Did you go to LISA this year? I used to go back in the 1998-2003 timeframe (anyone remember playing the original Guitar Hero in that huge arcade in Seattle?) and I hope to make it back again someday soon. A lot of time has passed since those days, but the conference continues to offer attendees a wide range of useful and educational talks to choose from. In particular, the content on operating at scale has evolved upward much like the definition of “Large” since the conference’s inception :)
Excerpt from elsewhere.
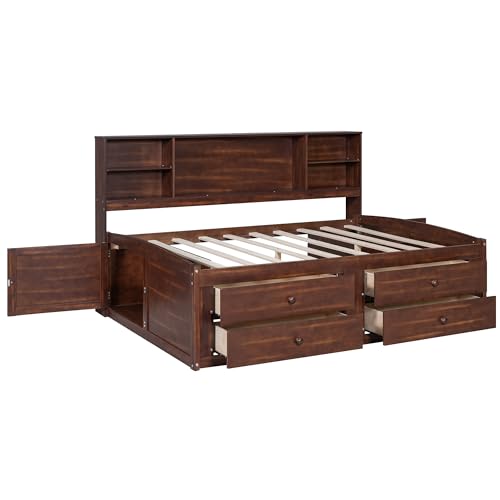 Full Size Wood Captain Bed with Storage Bookcase Drawers and Headboard L276191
A couple of Honeycombers presented at LISA this year–here’s what they talked about:

Eben Freeman (@emfree): Queueing Theory in Practice: Performance Modeling for the Working Engineer

Although (like you, we assume) Eben doesn’t enjoy standing in lines, he does enjoy optimizing his way around them and then sharing what he’s learned. In this talk, he explains how to use the Universal Scalability Law to model system performance and make better capacity planning decisions. This can be complicated stuff, but don’t worry: he’s helpfully annotated his graphs for those of us who need that extra bit of guidance:

(Note: Although the video is about 45 minutes long, the talk is just 25 minutes of that–no need to budget quite so much time :))

Click through below to see the talk:

link to video

Ben Hartshorne (@maplebed): Sample Your Traffic but Keep the Good Stuff!
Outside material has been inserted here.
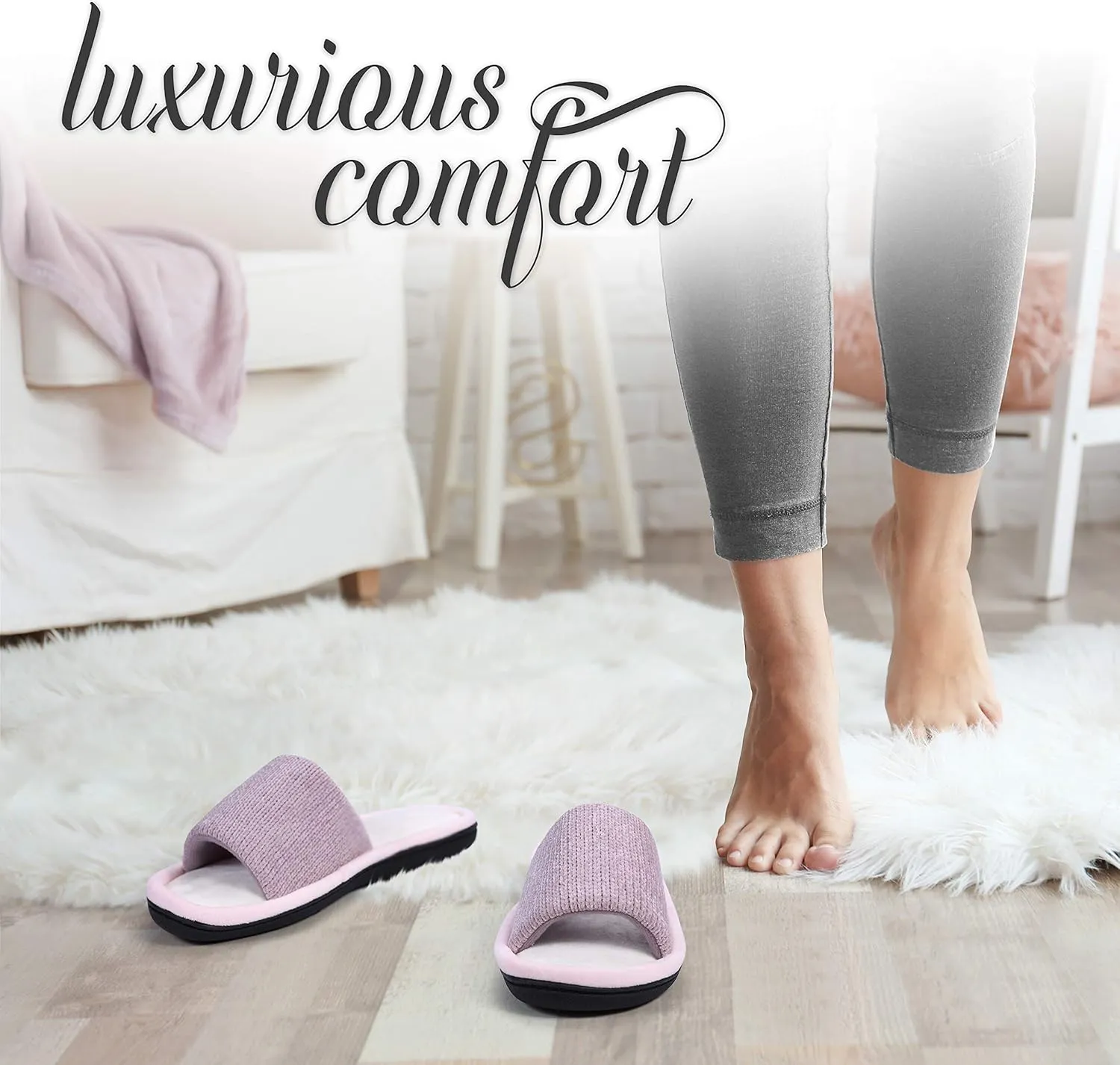 Roxoni Women Slippers Soft Open Toe Slide, Indoor Outdoor Rubber Sole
Ben did us all proud back here at the hive by wearing his bee feelers/antennae for his talk. As is the tradition of our people, I have created a high-quality gif to celebrate this occasion:

bee like ben gif

If you’re trying to keep the volume of your instrumentation data at a reasonable level but want to maintain a high level of actual observability, Ben’s got you covered with this talk. Don’t aggregate your data–bee smart and sample it!